[DATA PROVIDED — start]

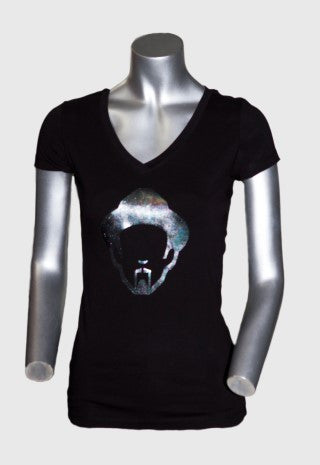 LOUIE VEGA HEAD RAINBOW FOIL WOMEN'S BLACK V-NECK SHIRT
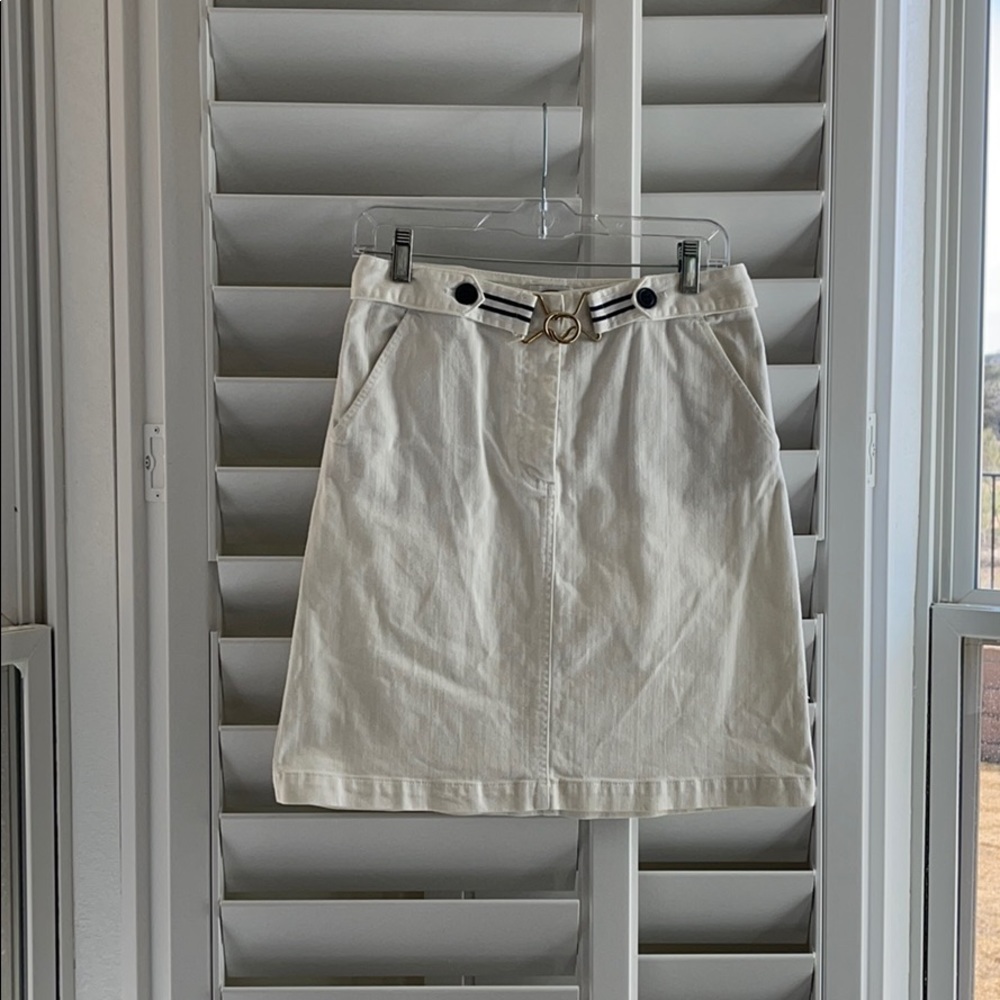 Talbots White Jean Skirt Size 6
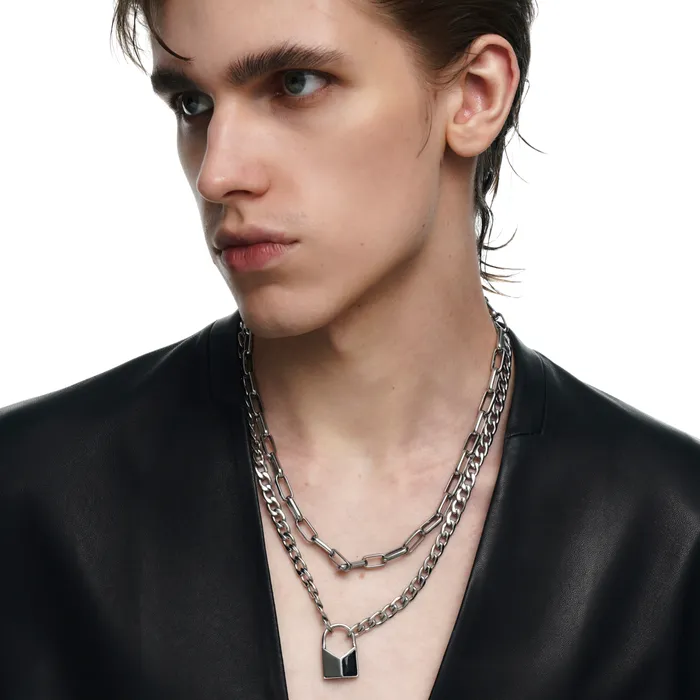 Lovers Interlock Faceted Rhinestone Lock Pendant DoubleLayer Necklace Blackheadshop Necklaces Lovers Interlock Faceted Rhinestone Lock Pendant DoubleLayer Necklace Blackheadshop Necklaces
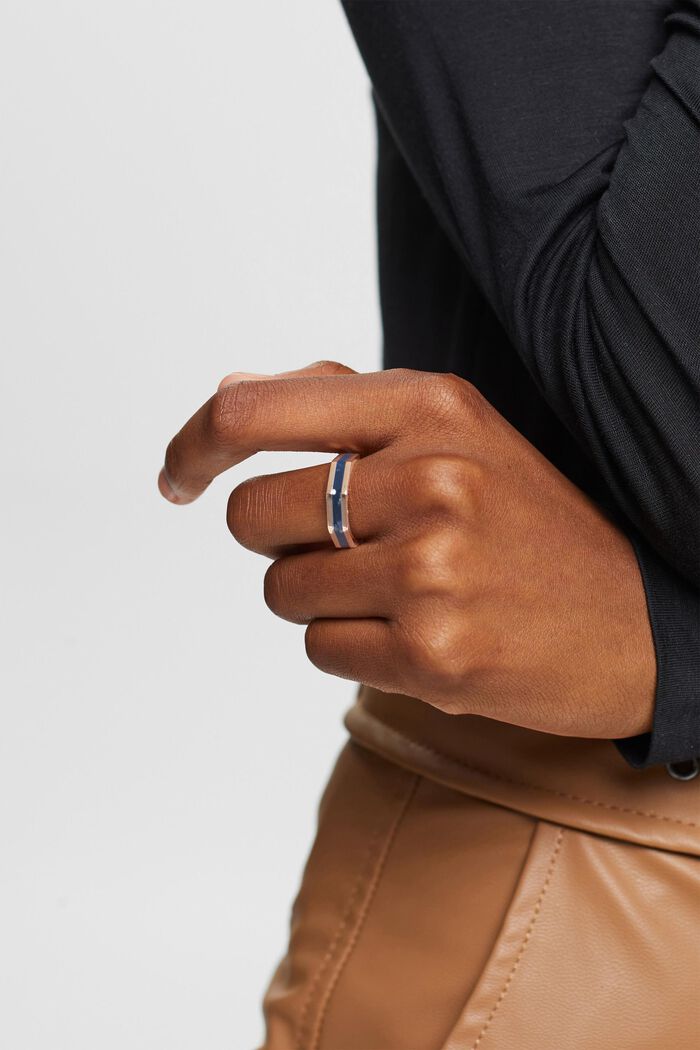 Kantig ring med färg, rostfritt stål, ROSEGOLD, detail image number 2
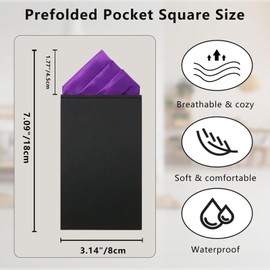 LHXzizizi Prefolded Pocket Squares for Men, Suit Mens Handkerchiefs, Men Pocket Square Hankies for Party Banquet Prom Wedding (Triangle Purple)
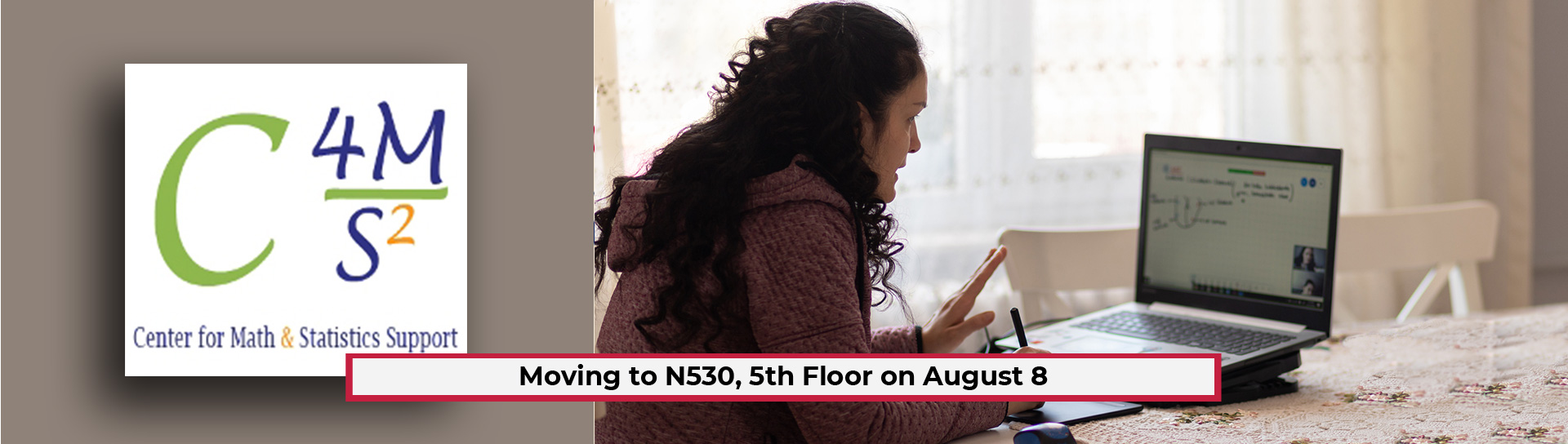 Student studying on computer for math test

[DATA PROVIDED — finish]

→ **PROMPT**
All lines from the line with "Kantig ring med" through the final line of the data, both included, are to be repeated exactly; no other lines and no pictures.

→ **RESPONSE TO THE EXERCISE**
 Kantig ring med färg, rostfritt stål, ROSEGOLD, detail image number 2
 LHXzizizi Prefolded Pocket Squares for Men, Suit Mens Handkerchiefs, Men Pocket Square Hankies for Party Banquet Prom Wedding (Triangle Purple)
 Student studying on computer for math test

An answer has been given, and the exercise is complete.